Image-caption web data:

[Start of section]

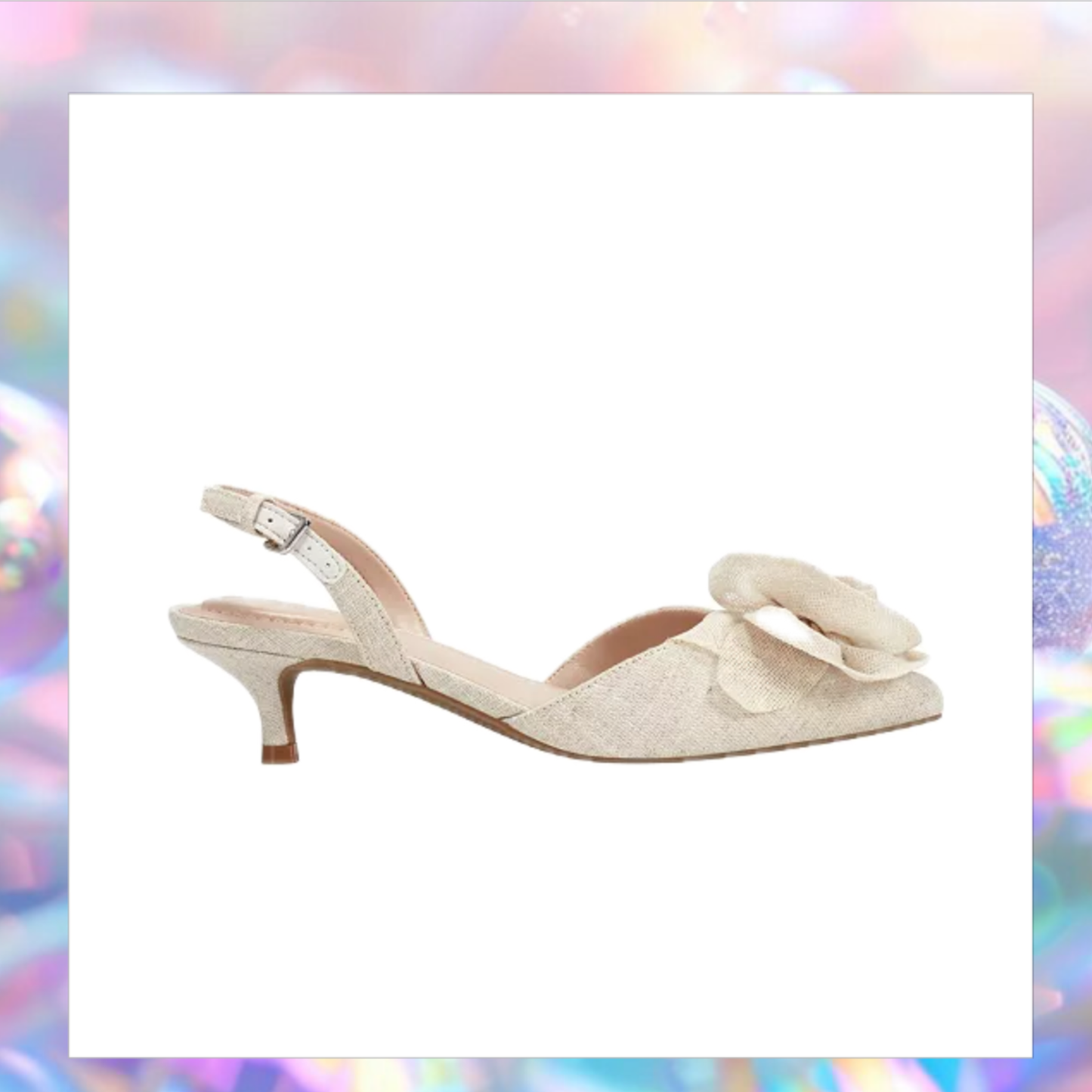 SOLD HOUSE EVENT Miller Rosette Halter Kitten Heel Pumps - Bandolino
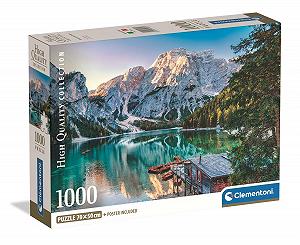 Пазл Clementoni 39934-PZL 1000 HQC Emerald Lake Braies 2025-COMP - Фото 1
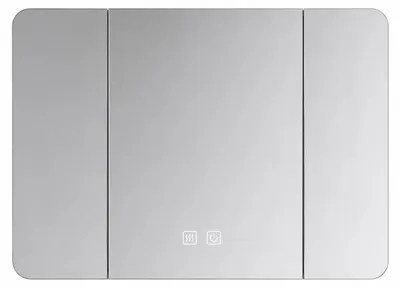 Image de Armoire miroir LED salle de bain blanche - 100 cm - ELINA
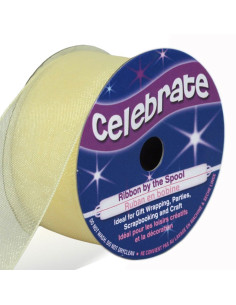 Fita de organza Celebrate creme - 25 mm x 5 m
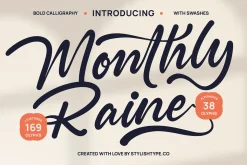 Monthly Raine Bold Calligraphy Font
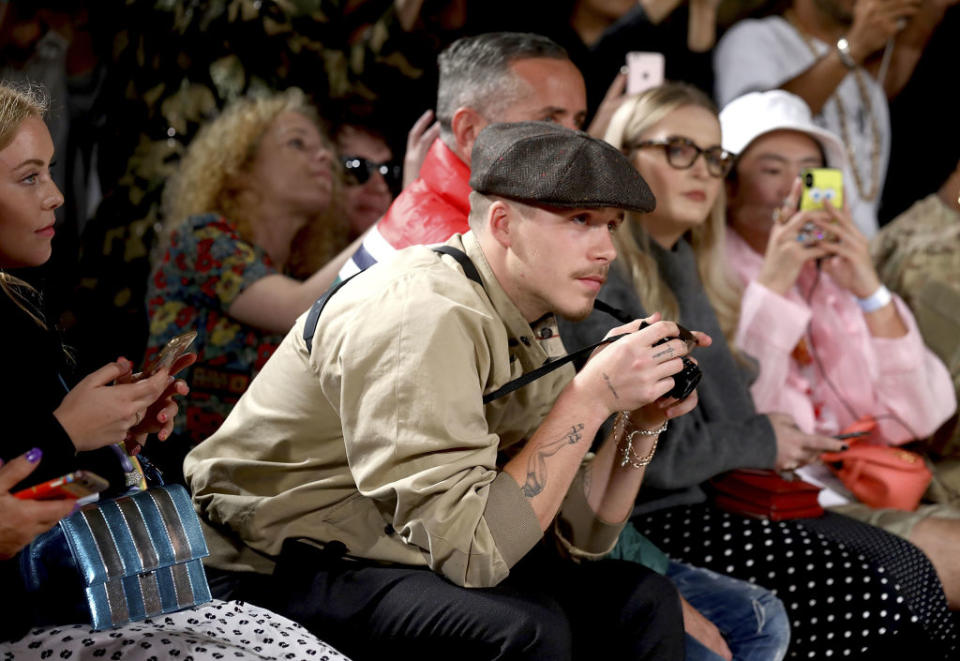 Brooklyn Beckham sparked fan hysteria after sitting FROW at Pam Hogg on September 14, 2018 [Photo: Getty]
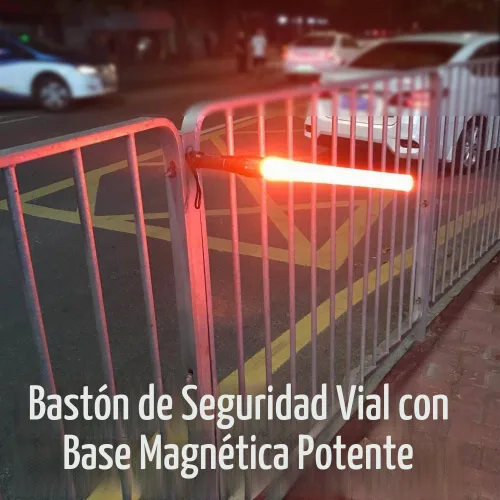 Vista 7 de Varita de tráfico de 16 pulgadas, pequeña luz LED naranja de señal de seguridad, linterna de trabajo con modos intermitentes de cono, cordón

[End of section]

Each entry should be set down exactly, pictures excluded.

 SOLD HOUSE EVENT Miller Rosette Halter Kitten Heel Pumps - Bandolino
 Пазл Clementoni 39934-PZL 1000 HQC Emerald Lake Braies 2025-COMP - Фото 1
 Image de Armoire miroir LED salle de bain blanche - 100 cm - ELINA
 Fita de organza Celebrate creme - 25 mm x 5 m
 Monthly Raine Bold Calligraphy Font
 Brooklyn Beckham sparked fan hysteria after sitting FROW at Pam Hogg on September 14, 2018 [Photo: Getty]
 Vista 7 de Varita de tráfico de 16 pulgadas, pequeña luz LED naranja de señal de seguridad, linterna de trabajo con modos intermitentes de cono, cordón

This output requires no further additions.